Professional ratings
Review scores
| Source | Rating |
| AllMusic | Star |
| Entertainment Weekly | B |
| The Rolling Stone Album Guide | Star |

== Commercial performance ==
Their first album in three years, Nathan Michael Shawn Wanya debuted and peaked at number four on the US Billboard 200 on first-week sales of slightly less than 133,000 copies. A breakaway from their previous album, it only spent three weeks on the chart.

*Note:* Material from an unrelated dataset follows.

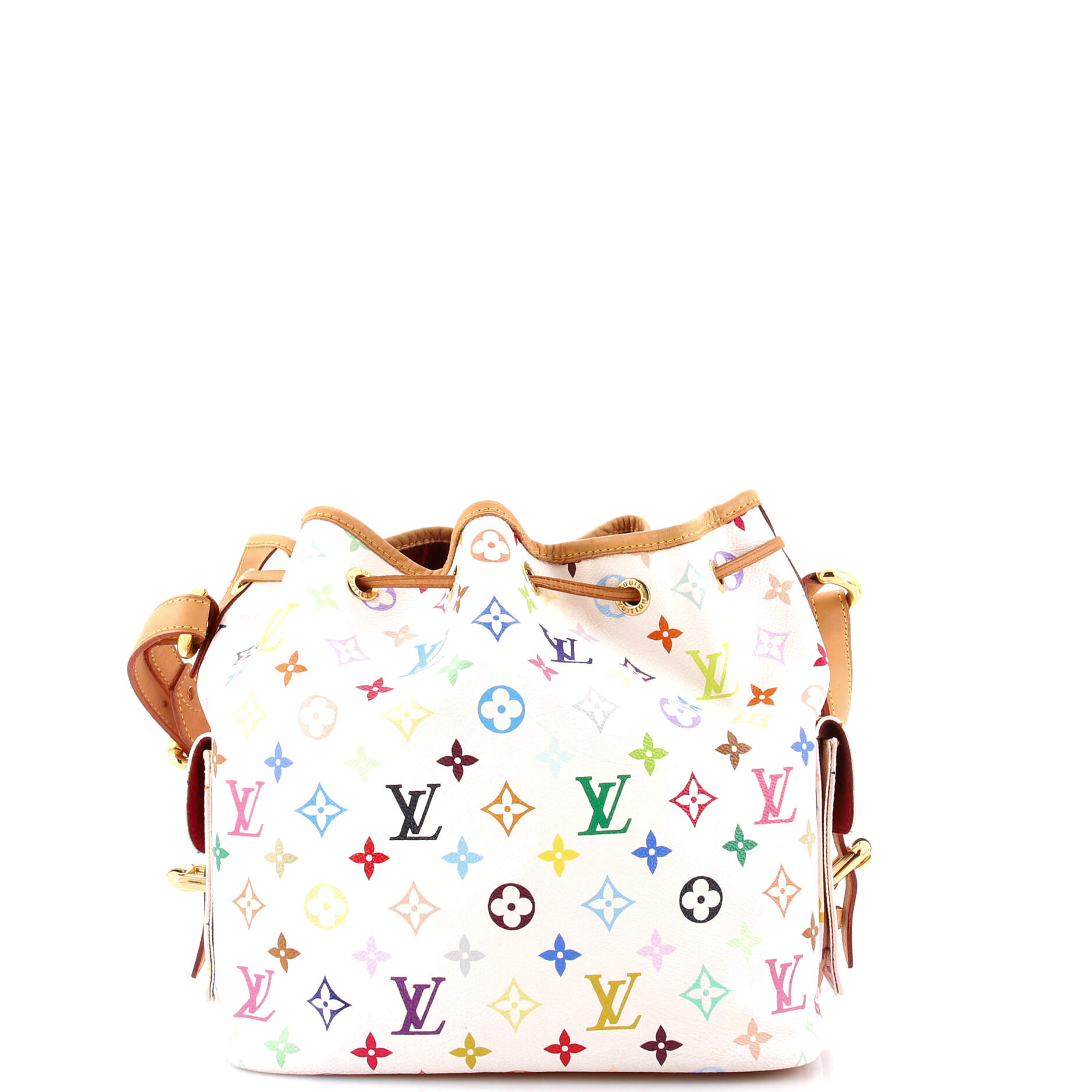 Petit Noe Handbag Monogram Multicolor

By August 2001, it had sold 686,000 copies.

== Track listing ==

- Credits adapted from liner notes.

Standard version
| No. | Title | Writer(s) | Producer(s) | Length |
|---|---|---|---|---|
| 1. | "Beautiful Women" | She'kspere; Nathan Morris; Michael McCary; Shawn Stockman; Wanya Morris; Kandi Burruss; | She'kspere | 4:09 |
| 2. | "Step On Up" | N. Morris; McCary; Stockman; W. Morris; | Boyz II Men | 4:54 |
| 3. | "Good Guy" | She'kspere; Burruss; N. Morris; McCary; Stockman; W. Morris; | She'kspere | 3:49 |
| 4. | "Bounce, Shake, Move, Swing" | N. Morris; McCary; Stockman; W. Morris; | Boyz II Men | 4:19 |
| 5. | "What the Deal" | N. Morris; McCary; Stockman; W. Morris; | Anthony "Shep" Crawford | 4:25 |
| 6. | "I Finally Know" | N. Morris; McCary; Stockman; W. Morris; Anthony "Shep" Crawford; Shae Jones; | Anthony "Shep" Crawford | 5:05 |
| 7. | "Pass You By" | Stockman | Boyz II Men | 4:26 |
| 8. | "Dreams" | Todd Huston; LaMenga Kafi; W. Morris; Jamar Jones; Durrel Bottoms; N. Morris; McCary; Stockman; | Boyz II Men | 3:47 |
| 9. | "I Do" | Mervyn Warren | Mervyn Warren | 4:11 |
| 10. | "Thank You in Advance" | Anthony "Shep" Crawford | Anthony "Shep" Crawford | 4:11 |
| 11. | "Never Go Away" | Stockman | Boyz II Men | 5:06 |
| 12. | "Lovely" | N. Morris; McCary; Stockman; W. Morris; | Boyz II Men | 5:30 |
| 13. | "Know What You Want" | N. Morris | Boyz II Men | 5:17 |
| 14. | "Do You Remember" | N. Morris; McCary; Stockman; W. Morris; | Boyz II Men | 4:17 |

Japanese version (bonus tracks)
| No. | Title | Writer(s) | Length |
|---|---|---|---|
| 15. | "I Miss You" | N. Morris | 5:36 |
| 16. | "Marry Me" | N. Morris; McCary; Stockman; W. Morris; | 4:06 |
| 17. | "Darlin'" | N. Morris; McCary; Stockman; W. Morris; | 4:34 |

== Charts ==

=== Weekly charts ===

Weekly chart performance for Nathan Michael Shawn Wanya
| Chart (2000) | Peak position |
|---|---|
| Australian Albums (ARIA) | 18 |
| Canadian Albums (Billboard) | 16 |
| Dutch Albums (Album Top 100) | 41 |
| French Albums (SNEP) | 23 |
| German Albums (Offizielle Top 100) | 24 |
| Japanese Albums (Oricon) | 6 |
| Swiss Albums (Schweizer Hitparade) | 49 |
| UK Albums (Official Charts) | 54 |
| UK R&B Albums (Official Charts) | 10 |
| US Billboard 200 | 4 |
| US Top R&B/Hip-Hop Albums (Billboard) | 3 |

=== Year-end charts ===

Year-end chart performance for Nathan Michael Shawn Wanya
| Chart (2000) | Position |
|---|---|
| South Korean International Albums (MIAK) | 39 |
| US Billboard 200 | 200 |

== Certifications ==

Certifications for Nathan Michael Shawn Wanya
| Region | Certification | Certified units/sales |
| Canada (Music Canada) | Gold | 50,000^{^} |
| Japan (RIAJ) | Platinum | 200,000^{^} |
| United States (RIAA) | Gold | 500,000^{^} |
^{^} Shipments figures based on certification alone.